30. With regard to the allegation that Mr. Zaldaña Ventura was in detention for more than the 60 days stipulated in the Bilateral Extradition Treaty, the State’s argument is summarized to the effect that it notes that he was arrested on April 15, 2004. The 60 day period, the State informs, permits the State requesting the extradition to formalize the reasons therefor. The US, the State explains, presented the grounds for the extradition on June 11, 2004; consequently, the 60 day limit was not surpassed. Once the extradition request has been formalized, Article 41(2) of the Law 23 of December 30, 1986, requires that the Ministry of Foreign Relations, within five days, inform the Attorney General; according to the State, this was carried out on June 15, 2004. On June 21, 2004, the Attorney General, within the period established in Article 2498 of the Judicial Code and Article 42 of the UN Anti Drug Law, ruled that the documentation supported the request for extradition. Then, within the five day period established by article 41(4) of Law 23 of December 23, 1986, the Attorney General returned to the Ministry of Foreign Relations the documentation relating to the request for extradition.

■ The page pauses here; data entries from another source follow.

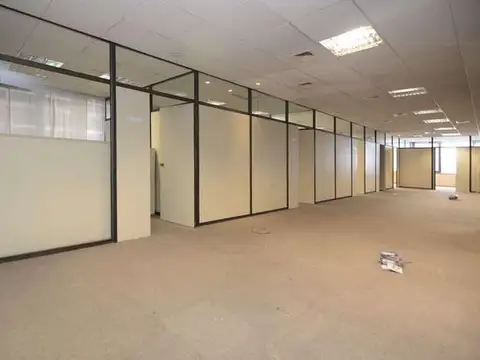 Oficina en Alquiler al Este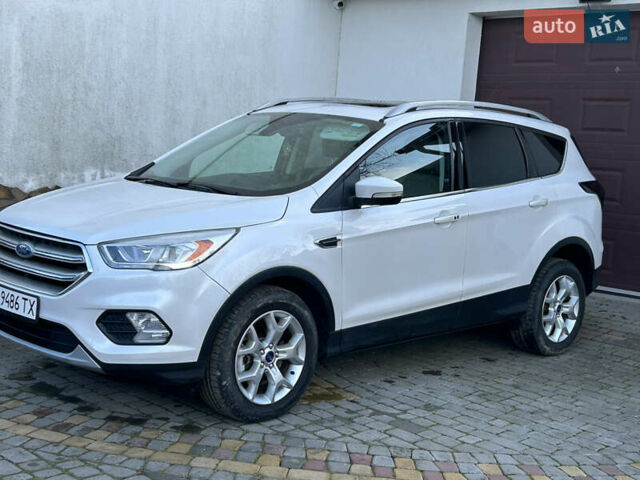 Белый Форд Эскейп, объемом двигателя 2 л и пробегом 217 тыс. км за 11900 $, фото 16 на Automoto.ua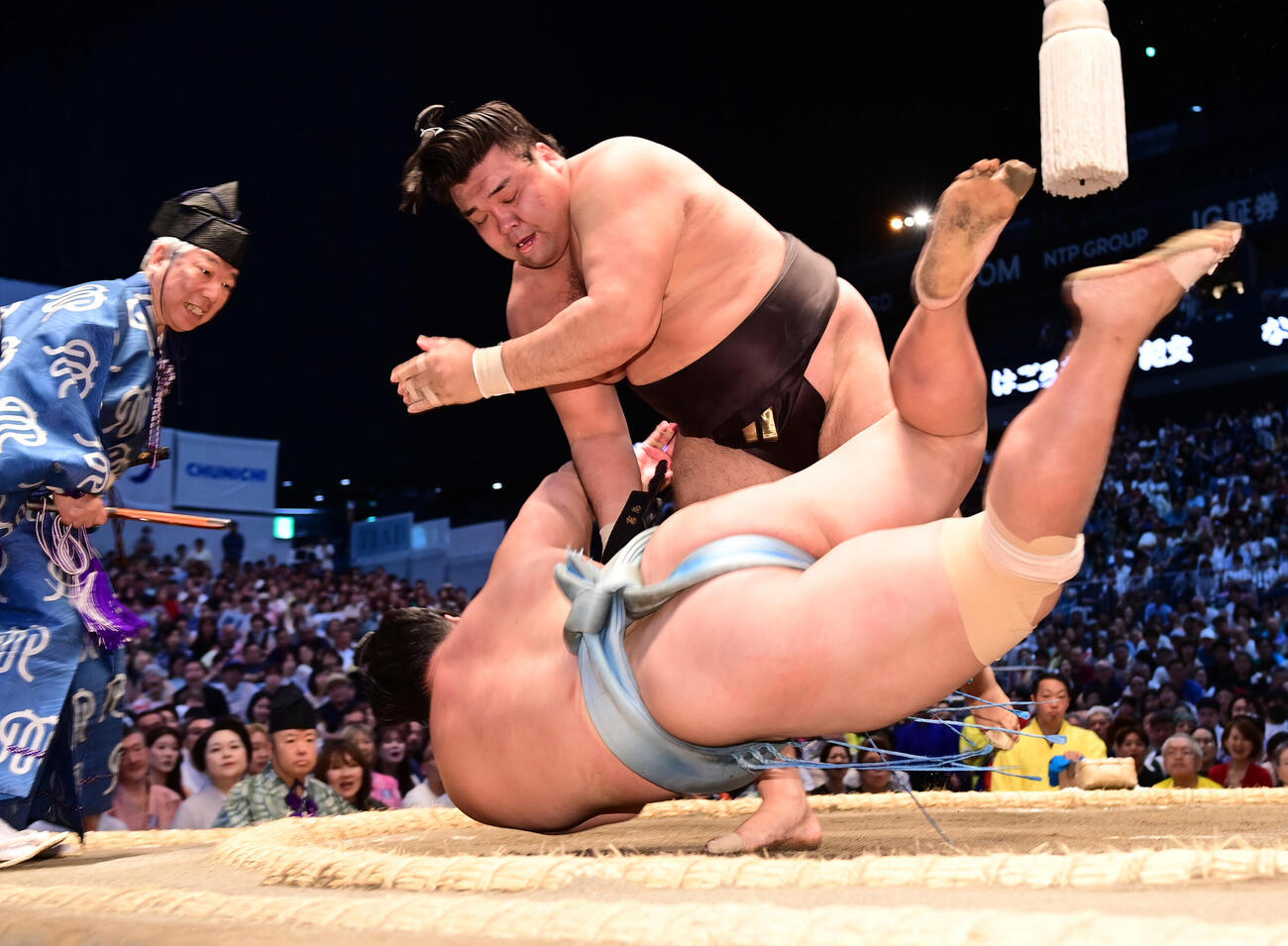 霧島（中央）は琴勝峰を上手投げで破る（撮影・森本幸一）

31. Pursuant to the five day period stipulated in Article 41(5) of Law 23 of December 23, 1986, the Executive, by means of the Ministry of Foreign Relations, has a period of five days, from the date of the return of the documentation from the Attorney General’s office, within which to accept or reject the request for extradition. On July 7, 2004, the Ministry of Foreign Relations granted the request for extradition presented by the US Government and the same was notified the same day.

32. On July 12, 2004, once Mr. Antonio Zaldaña Ventura presented his signed statement before the Ministry of Foreign Relations, by which he voluntarily declared his desire to be surrendered to the US authorities, the State noted that the Ministry of Foreign Relations, by means of a Note dated July 14, 2004, pursuant to Article 2510 of the Judicial Code, proceeded to place him at the disposition of the United States in order to carry out his transfer, which was achieved on August 18, 2004.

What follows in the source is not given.